*Input data*.
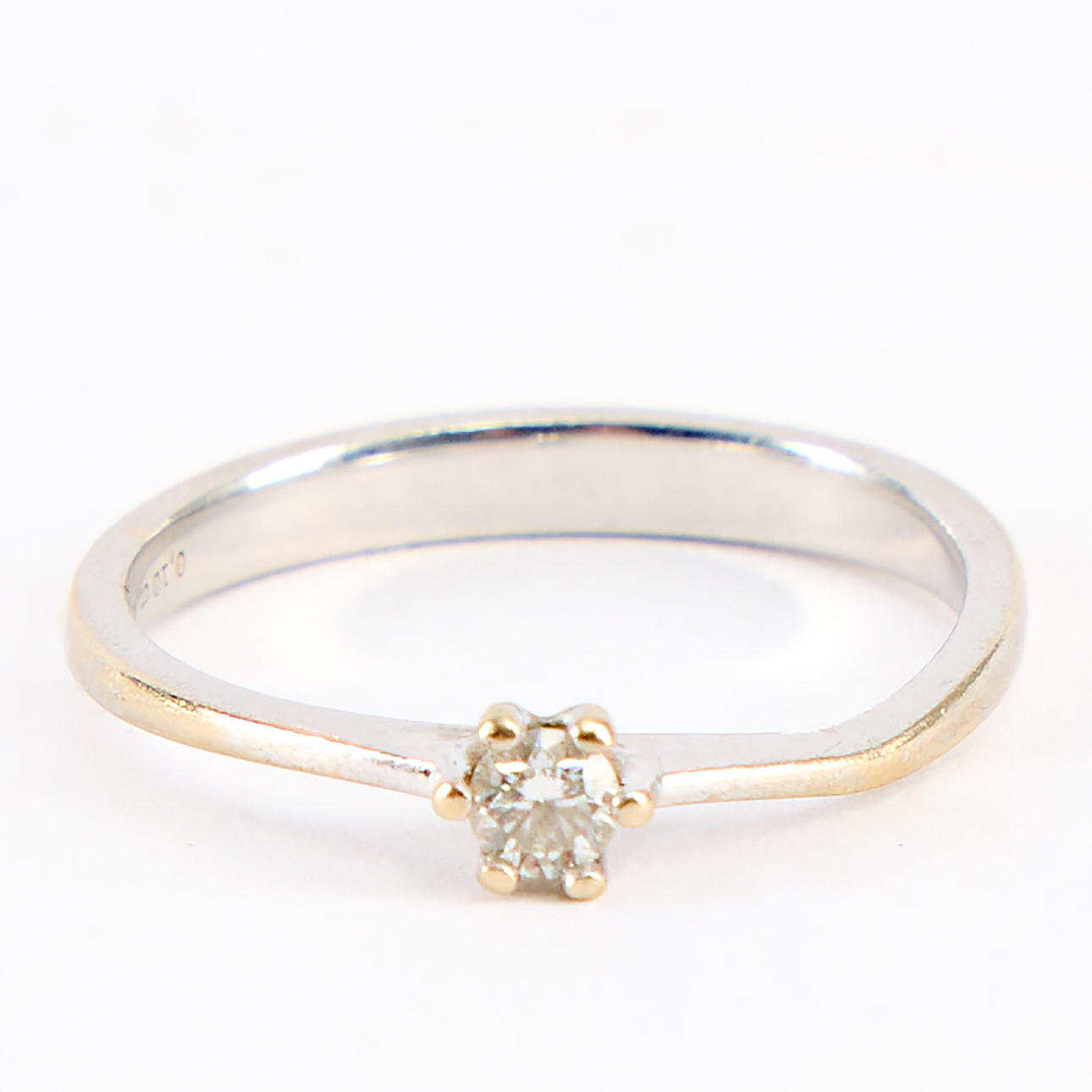 SOLITAIRE RING, gold 14K with diamond 0,1 ct.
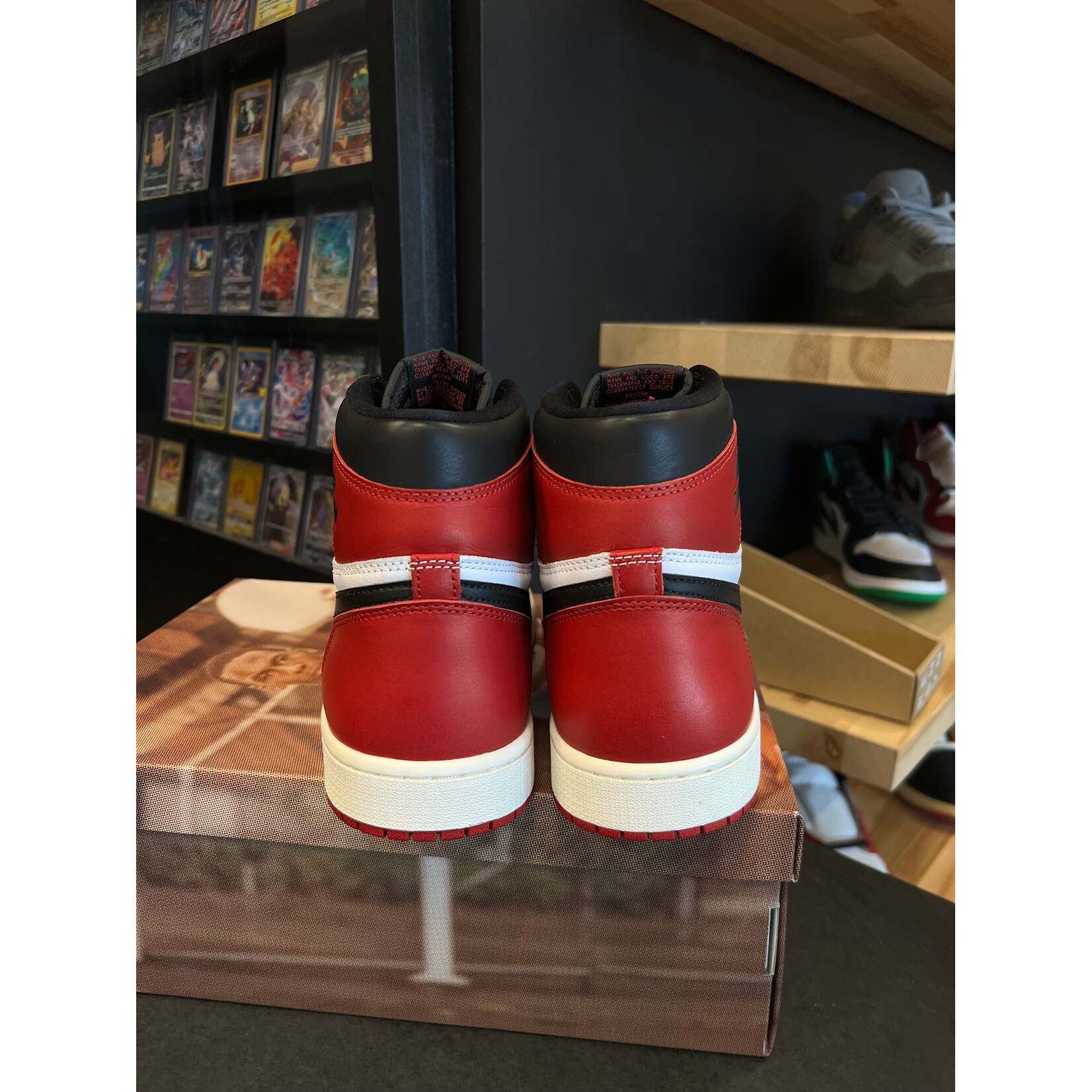 Jordan Jordan 1 Retro High OG Black Toe Reimagined Size 12, PREOWNED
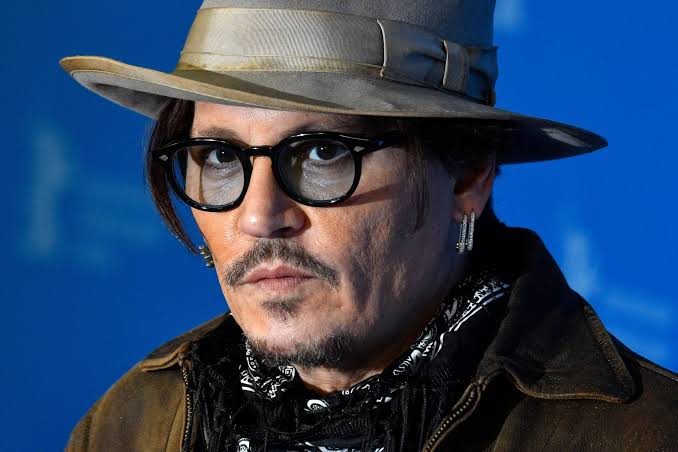 Johnny Depp está buscando novos projetos após diversas polêmicas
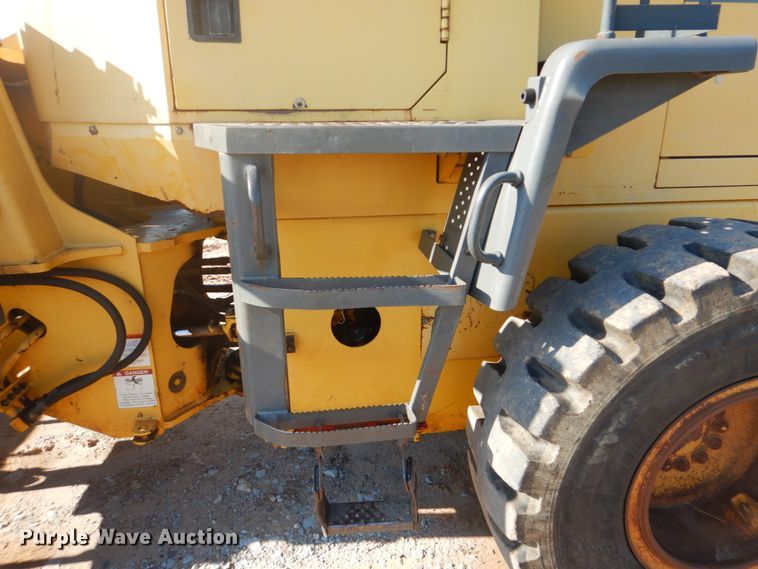 image for item DI2315 2001 Komatsu WA250-3MC wheel loader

*Brief*.
Could the listing above be transcribed exactly, with the pictures left out?

*Written reply*.
 SOLITAIRE RING, gold 14K with diamond 0,1 ct.
 Jordan Jordan 1 Retro High OG Black Toe Reimagined Size 12, PREOWNED
 Johnny Depp está buscando novos projetos após diversas polêmicas
 image for item DI2315 2001 Komatsu WA250-3MC wheel loader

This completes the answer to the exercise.